About one million people, including nearly half a million in Chicago alone, took to the streets to protest federal legislation that would have made living in the US without papers a felony.
The Chicago Teachers union declared it a “Day of Civic Action”.
This year’s events in Chicago were multiracial and all-ages protests, with members of public service unions such as the Service Employees International Union (SEIU) participating alongside teachers, nurses and airport workers.
The SEIU and teachers unions were prominent in many cities.
International
In the Philippines’ capital, Manila, where May 1 is a holiday, protesters clashed with police. In France, rallies and street protests in Paris demanded peace in Iran and higher wages, as costs rise.

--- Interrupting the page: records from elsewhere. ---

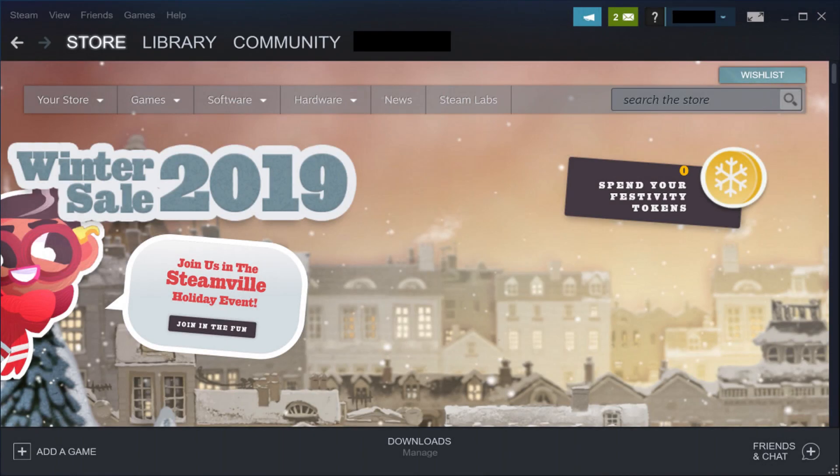Step 1. Launch the Steam application on your computer. You'll land on your Steam home screen.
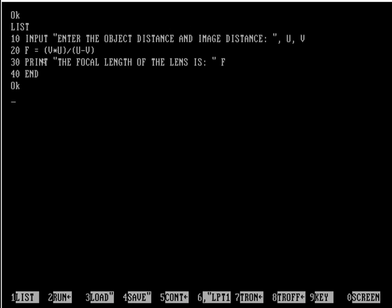In line number 20, I am actually calculating the focal length of the lens. The formula for the focal length is given by f = v * u / (u - v).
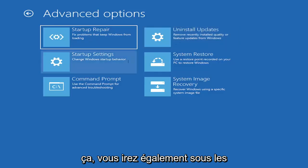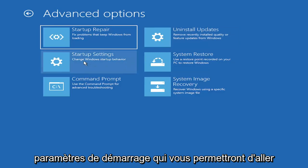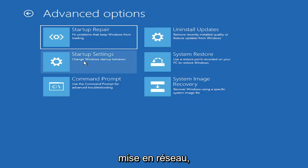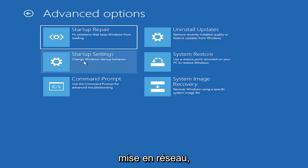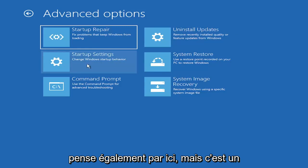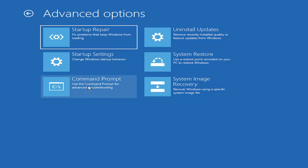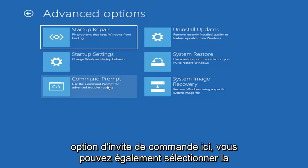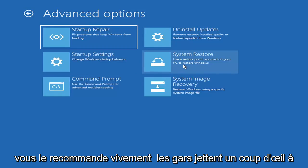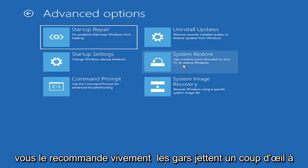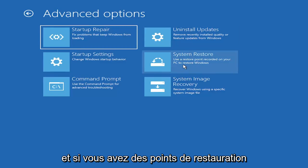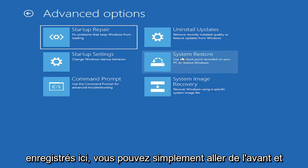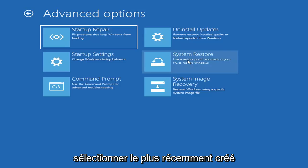Or feature updates, which are larger updates that occur semi-annually or annually. So more of the big builds like service pack kind of updates, if you want to think of it like that. You can also go underneath startup settings, which will allow you to go to the safe mode or safe mode with networking. You can also boot to a command prompt, I believe, also through here, but it's kind of redundant because you have a command prompt option here. You can also select system restore, a very good option.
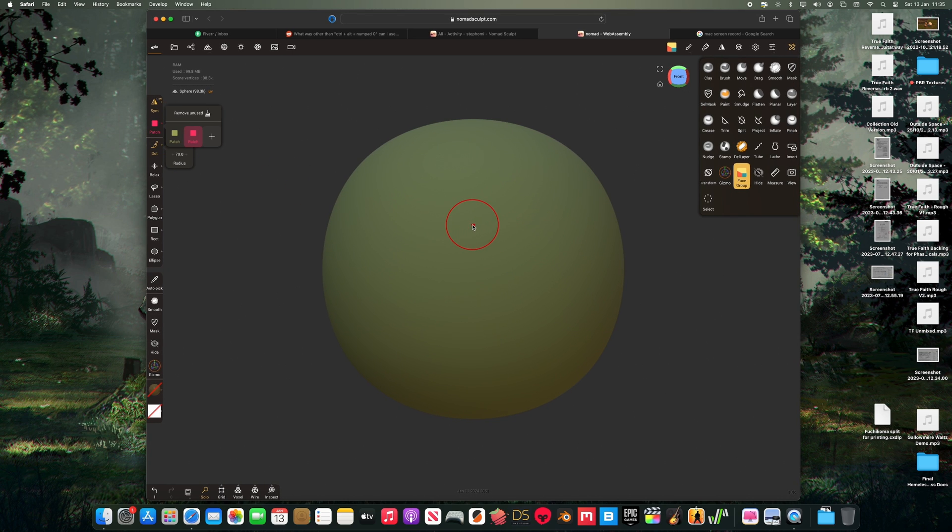So it looks like we're getting face groups. That first appeared a while ago, but it didn't seem to be functioning. Now it does.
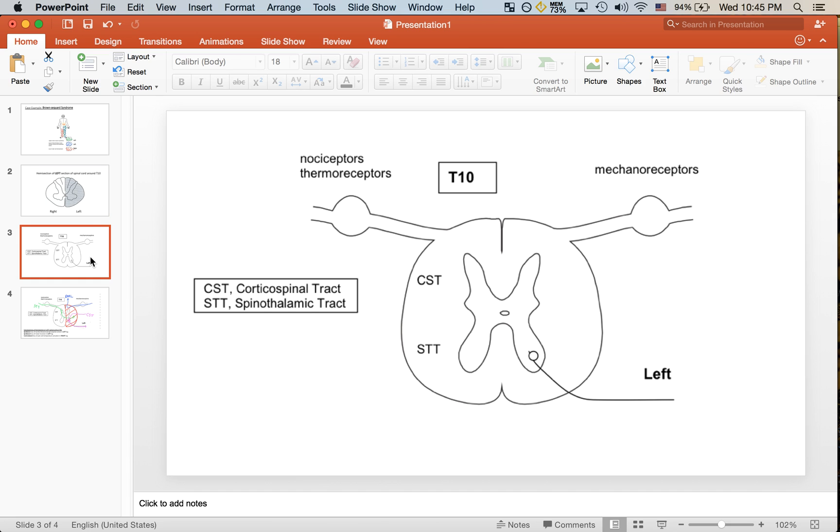This is a more detailed diagram of the spinal cord that indicates where the tracts run. To summarize again, the corticospinal tract is involved in motor function. It runs through the lateral funiculus.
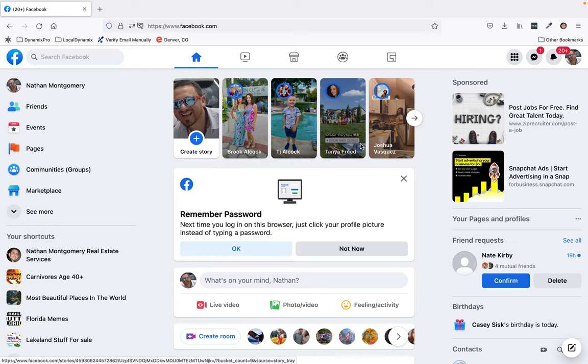In this video I'm going to go over how to find your Facebook business page URL or address.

The European Trade Union Confederation released a statement saying: “Working people refuse to pay the price for Donald Trump’s war in the Middle East … Today’s rallies show working people will not stand by and see their jobs and living standards destroyed.”
In Casablanca, Morocco’s largest city, taxi drivers honked their horns and bus drivers parked their vehicles to protest rising fuel costs.
“All my expenses have gone up, but my wages haven’t budged,” Akherraz Lhachimi, of the Moroccan Labor Union, told AP.
Several rallies were held in South Africa, according to AP, where Zingiswa Losi, head of the Congress of South African Trade Unions, said workers were “suffocating” under rising costs of food, electricity, transportation and healthcare.
Turkish authorities in Istanbul detained protesters for attempting to rally in Taksim Square, the epicentre of the 2013 protests, and where security forces killed 37 people at a 1977 May Day demonstration. The government has violently repressed past attempts to celebrate May Day.
In the May Day protest in Santiago, Chile, police fired water cannons and tear gas into the crowd.
Several thousand people gathered across Portugal as unions rallied together to protest proposed changes to labour laws that make it easier to sack workers and reduce bereavement leave for miscarriage of pregnancy.
Significance
This year’s May Day protests in the US were more significant than the earlier No Kings protests because they brought together more unions and linked anti-government actions with the labour movement.
The May Day protests were more about working-class and multiracial unity, than just opposition to Trump as dictator or king. There were discussions about class exploitation and the need to challenge the capitalist system.
The new unity visible on May Day is important for future united actions against Trump and the billionaire class.